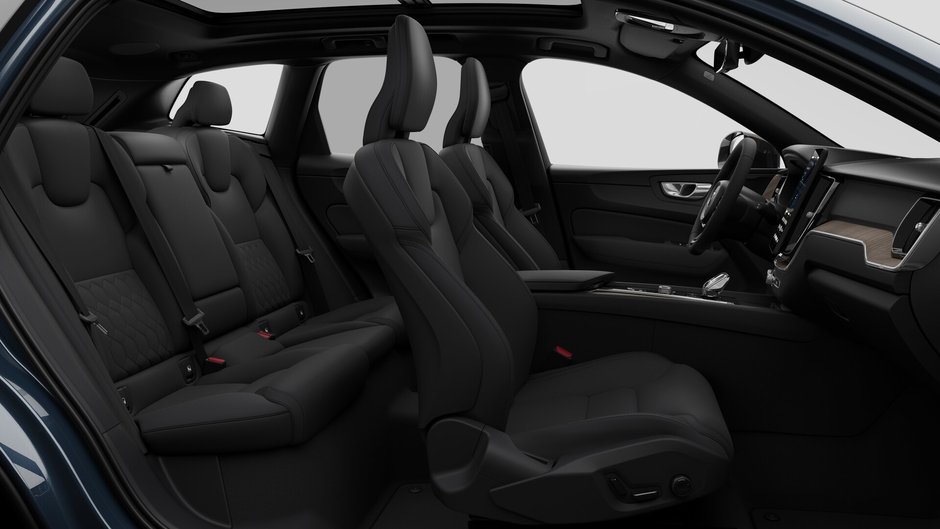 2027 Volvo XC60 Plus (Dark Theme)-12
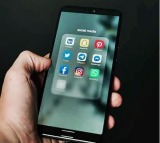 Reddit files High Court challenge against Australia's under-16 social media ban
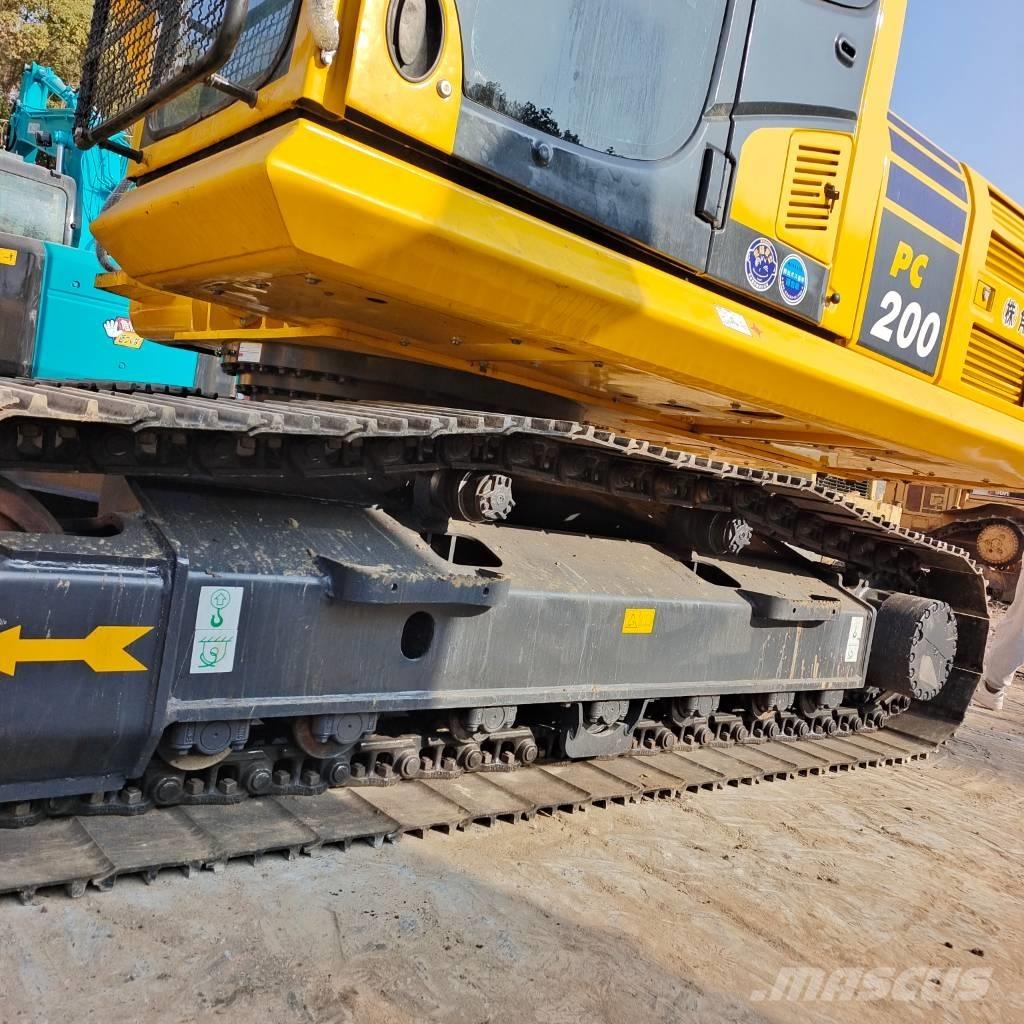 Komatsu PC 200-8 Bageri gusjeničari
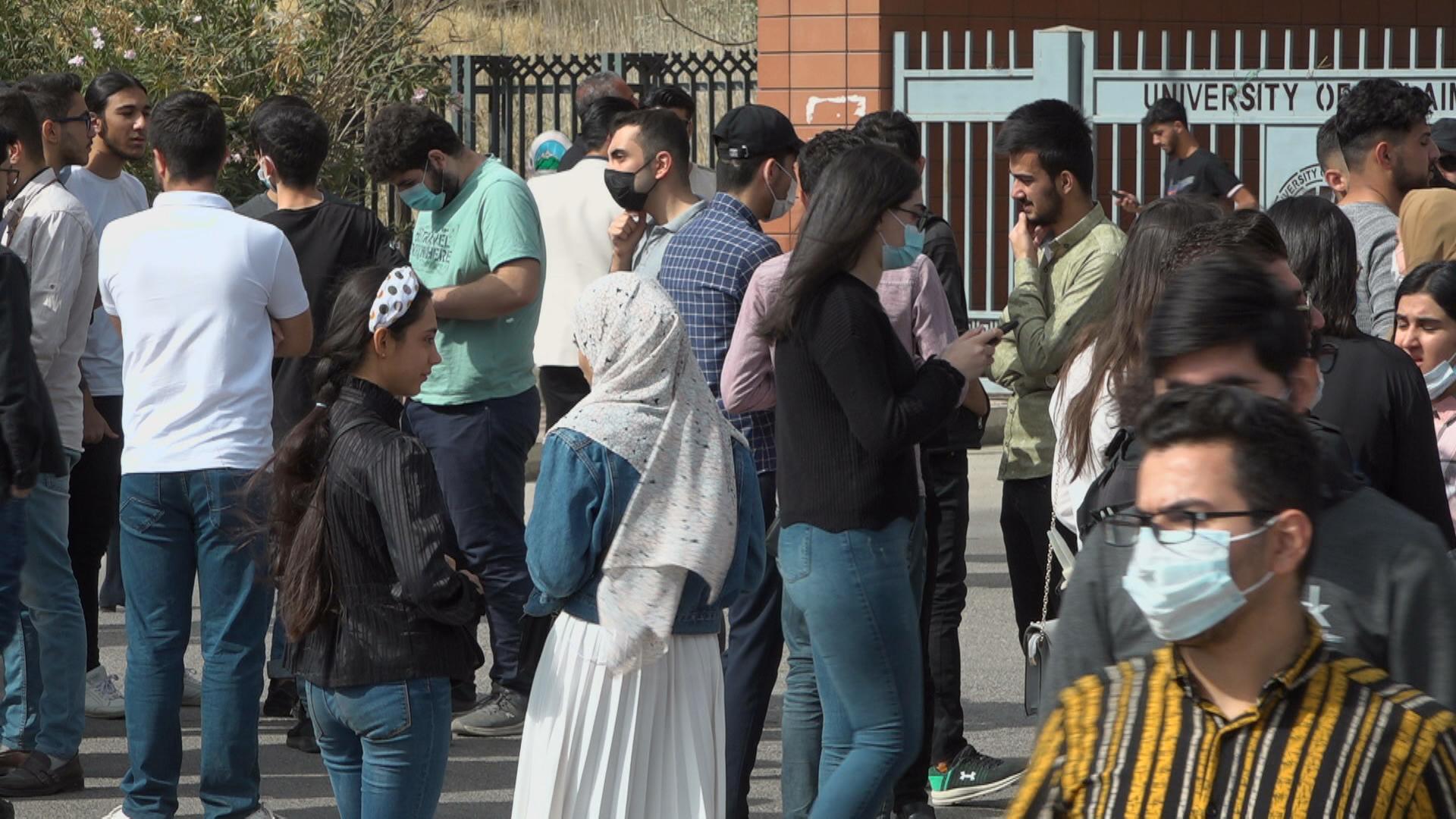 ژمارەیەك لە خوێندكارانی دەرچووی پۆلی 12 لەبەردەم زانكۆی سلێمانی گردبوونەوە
---
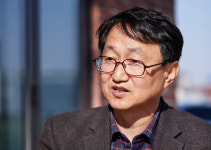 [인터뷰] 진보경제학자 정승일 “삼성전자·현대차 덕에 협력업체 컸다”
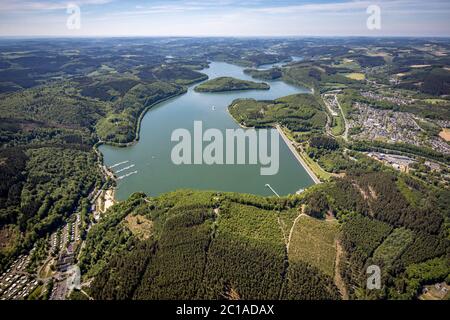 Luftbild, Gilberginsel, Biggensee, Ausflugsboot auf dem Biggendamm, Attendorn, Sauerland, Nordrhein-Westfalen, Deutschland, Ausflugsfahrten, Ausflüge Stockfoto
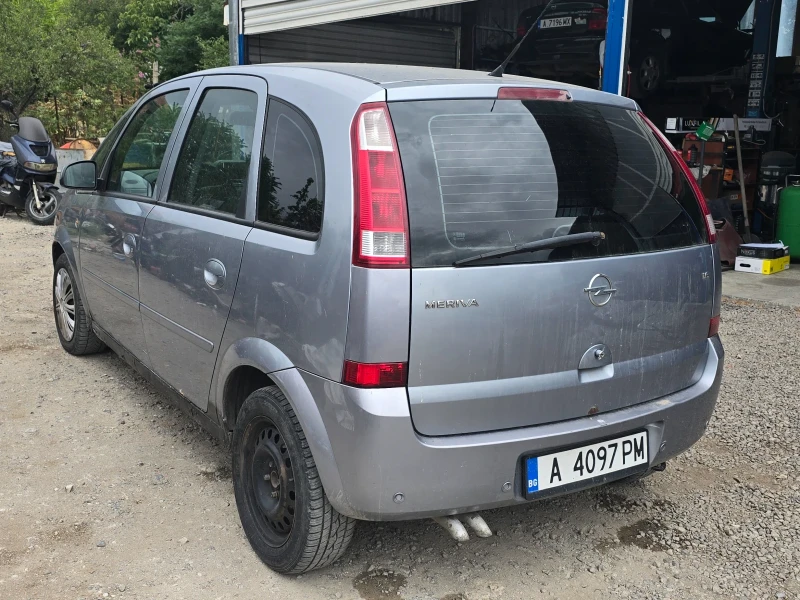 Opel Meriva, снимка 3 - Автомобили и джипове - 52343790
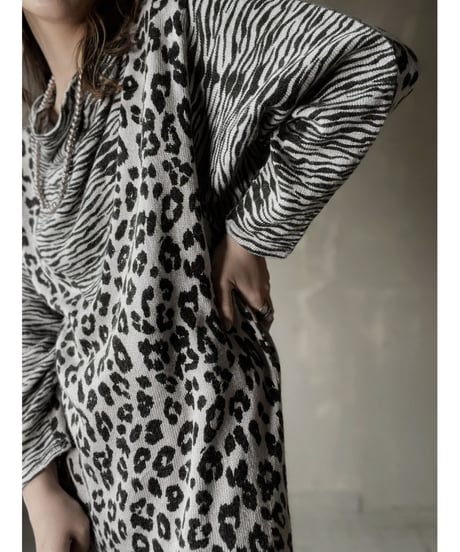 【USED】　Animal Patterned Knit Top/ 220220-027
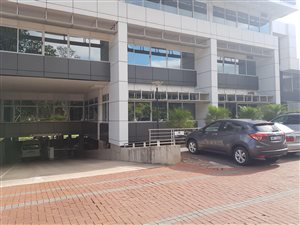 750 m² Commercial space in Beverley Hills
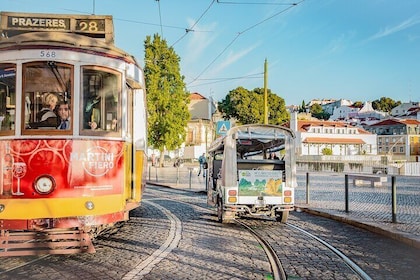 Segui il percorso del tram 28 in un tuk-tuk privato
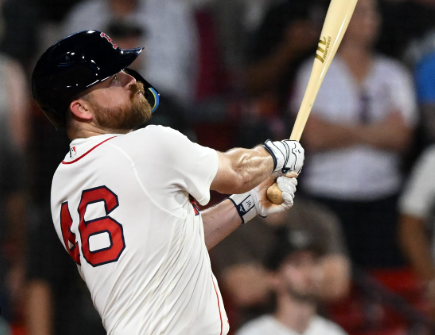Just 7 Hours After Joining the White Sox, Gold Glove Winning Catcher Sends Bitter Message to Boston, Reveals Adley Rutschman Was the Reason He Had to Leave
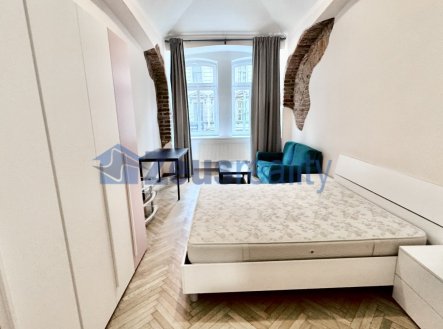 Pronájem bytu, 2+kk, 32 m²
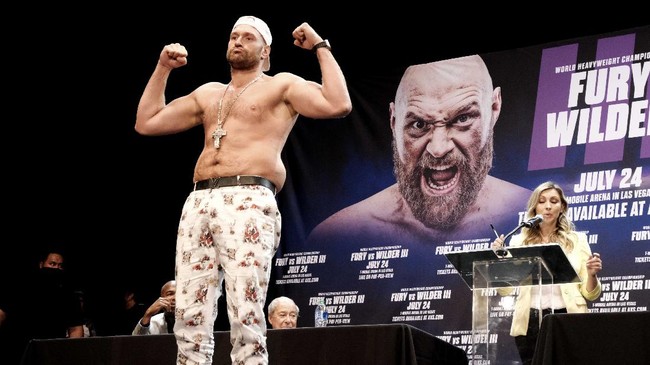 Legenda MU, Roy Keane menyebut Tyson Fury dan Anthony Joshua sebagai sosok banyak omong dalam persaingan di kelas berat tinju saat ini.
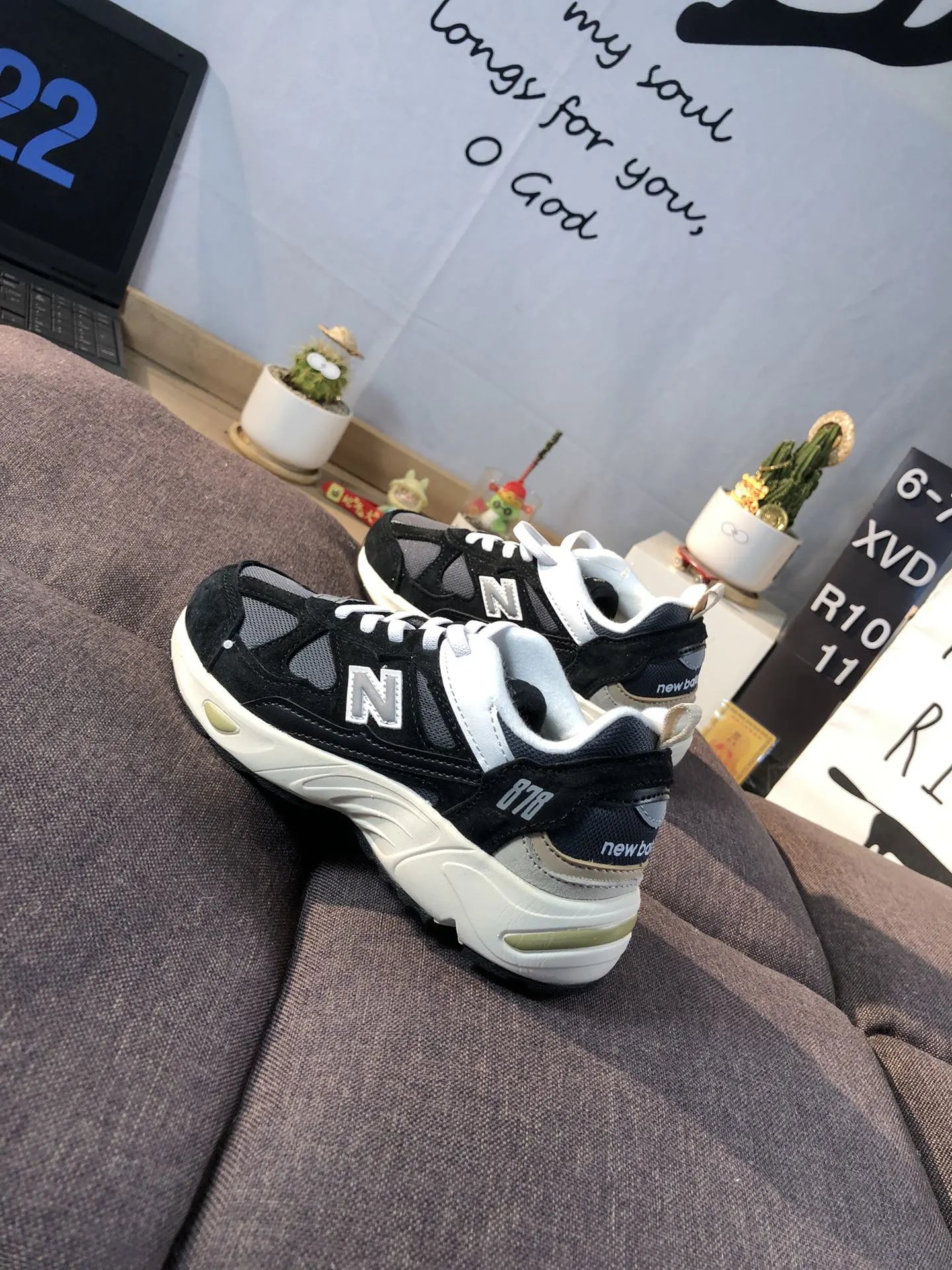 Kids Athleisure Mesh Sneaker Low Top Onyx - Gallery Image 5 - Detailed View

** Your instructions **
Pictures excluded, give again exactly and only the lines of the material above from the line with "Segui il percorso" through the line with "Kids Athleisure Mesh".

** Answer to this task **
 Segui il percorso del tram 28 in un tuk-tuk privato
Just 7 Hours After Joining the White Sox, Gold Glove Winning Catcher Sends Bitter Message to Boston, Reveals Adley Rutschman Was the Reason He Had to Leave
 Pronájem bytu, 2+kk, 32 m²
 Legenda MU, Roy Keane menyebut Tyson Fury dan Anthony Joshua sebagai sosok banyak omong dalam persaingan di kelas berat tinju saat ini.
 Kids Athleisure Mesh Sneaker Low Top Onyx - Gallery Image 5 - Detailed View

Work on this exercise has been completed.